> PROBLEM DESCRIPTION: From the line containing "Woman Furious After" to the line containing "silver metal jhumka earring" in the records below, set down every line exactly as it stands, both ends included, and skip the pictures.

> ENTRIES SHOWN:
○ ○ ○ ○ ○

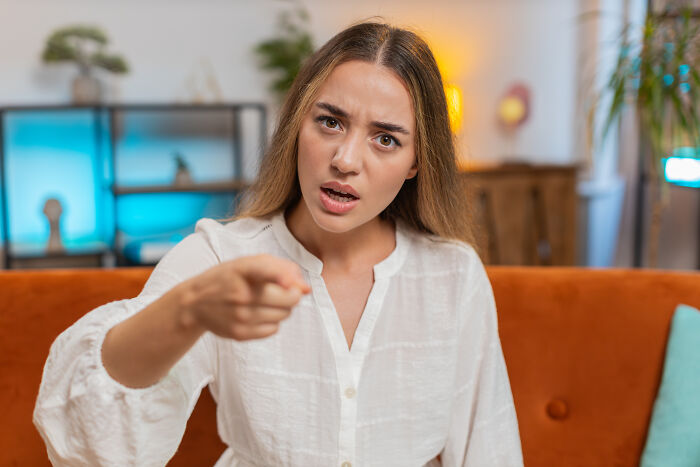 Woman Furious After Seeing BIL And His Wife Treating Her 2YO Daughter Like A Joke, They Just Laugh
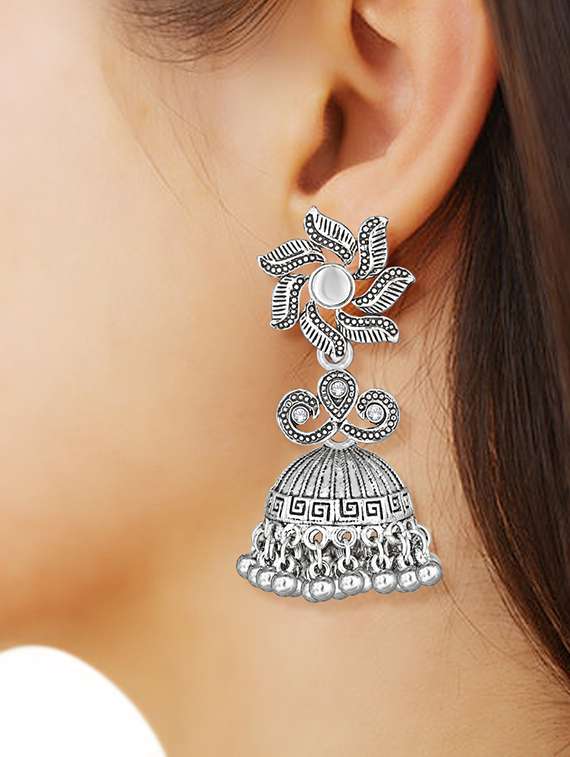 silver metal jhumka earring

○ ○ ○ ○ ○

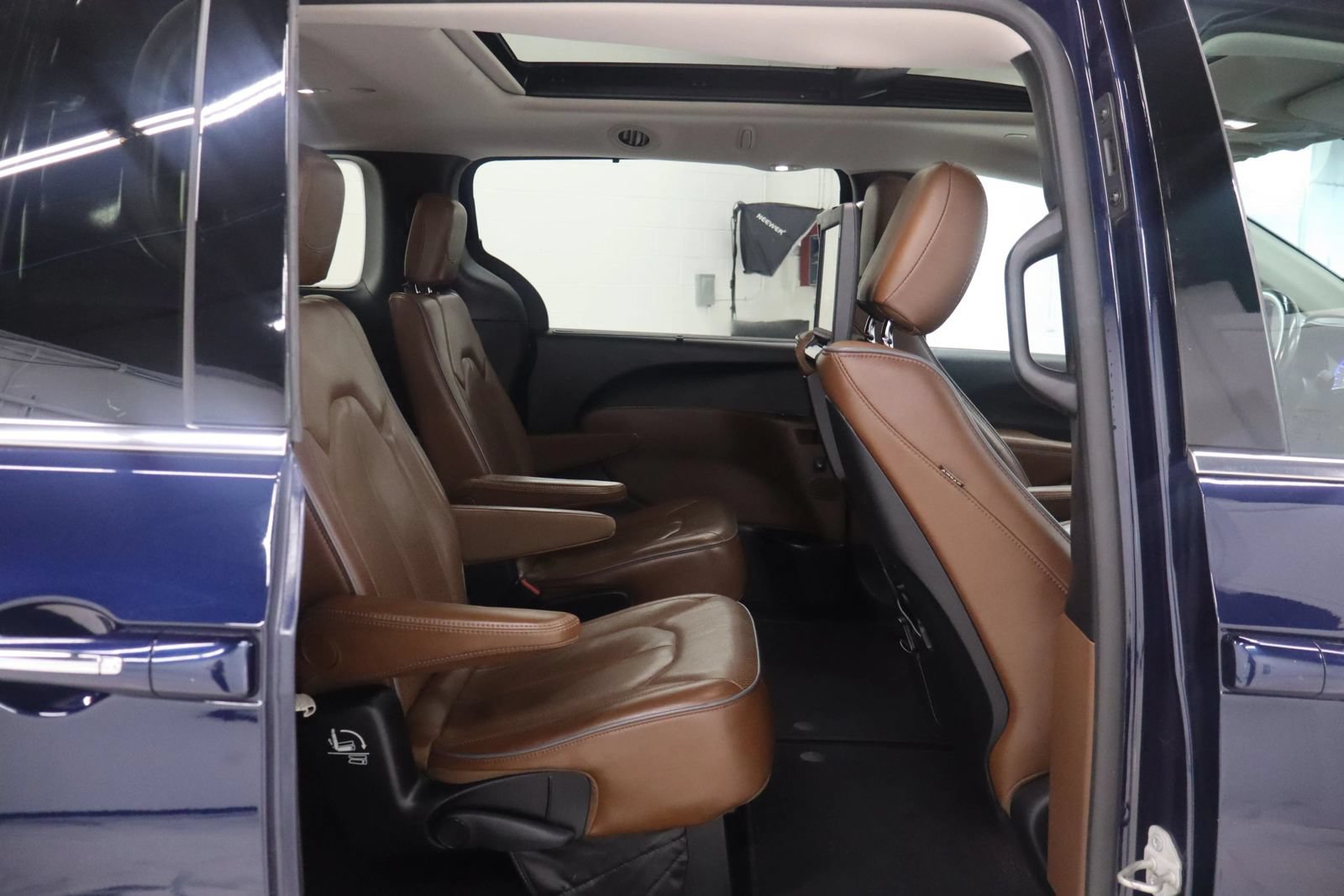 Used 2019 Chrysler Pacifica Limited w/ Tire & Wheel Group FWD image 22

○ ○ ○ ○ ○

> EXERCISE RESPONSE:
 Woman Furious After Seeing BIL And His Wife Treating Her 2YO Daughter Like A Joke, They Just Laugh
 silver metal jhumka earring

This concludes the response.